━━ Data for the task ━━
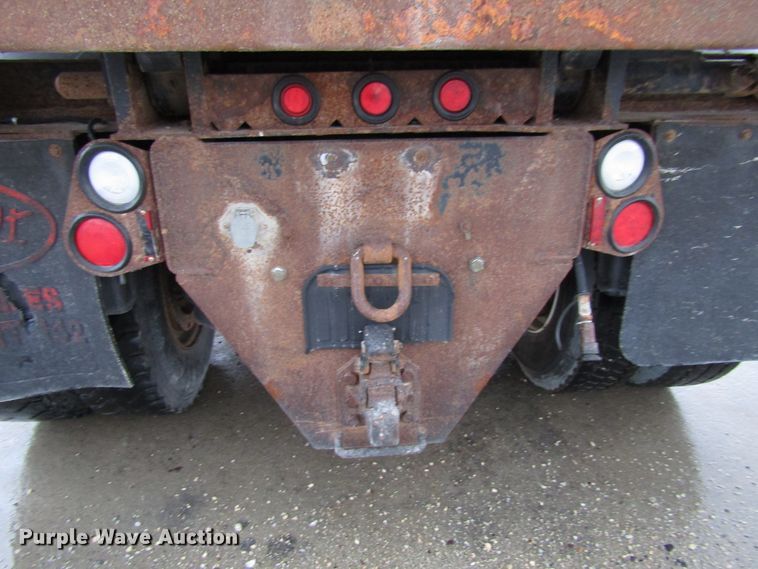 image for item DG6640 2009 Peterbilt 335 dump truck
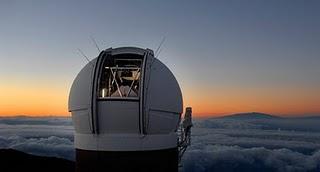 Pan-STARRS comienza su búsqueda de rocas espaciales asesinas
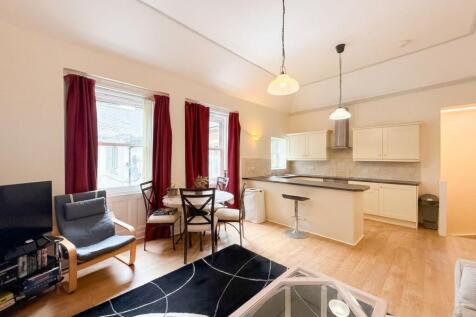 Living Room/Kitchen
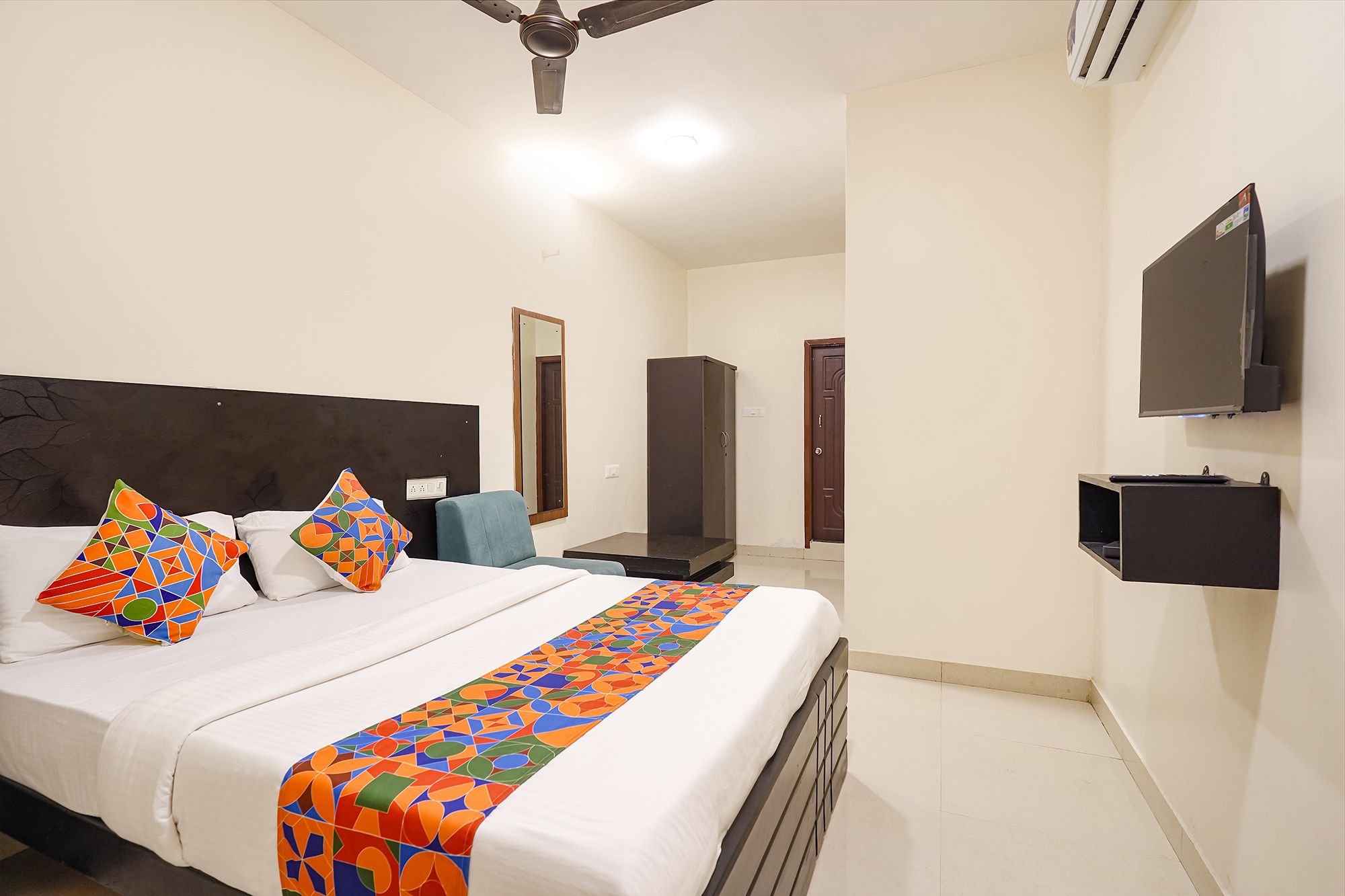  FabHotel Maark Inn Deluxe Single Room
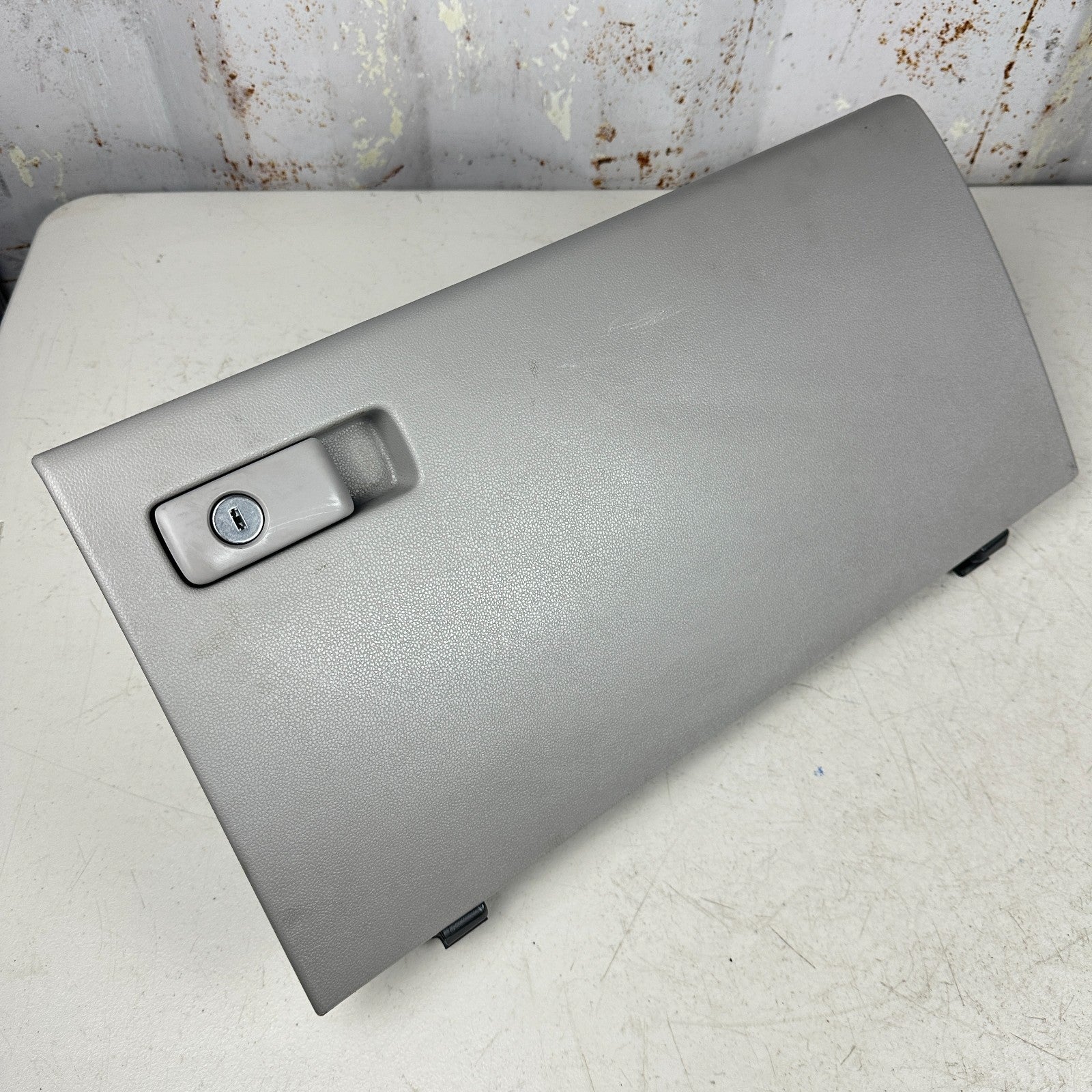 2011-2017 HONDA ODYSSEY RIGHT SIDE DASH STORAGE COMPARTMENT GLOVE BOX BEIGE OEM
━━━
Prompt
Reproduce the data above in full, exactly as it is, with the pictures left out.

Answer space
 image for item DG6640 2009 Peterbilt 335 dump truck
 Pan-STARRS comienza su búsqueda de rocas espaciales asesinas
 Living Room/Kitchen
  FabHotel Maark Inn Deluxe Single Room
 2011-2017 HONDA ODYSSEY RIGHT SIDE DASH STORAGE COMPARTMENT GLOVE BOX BEIGE OEM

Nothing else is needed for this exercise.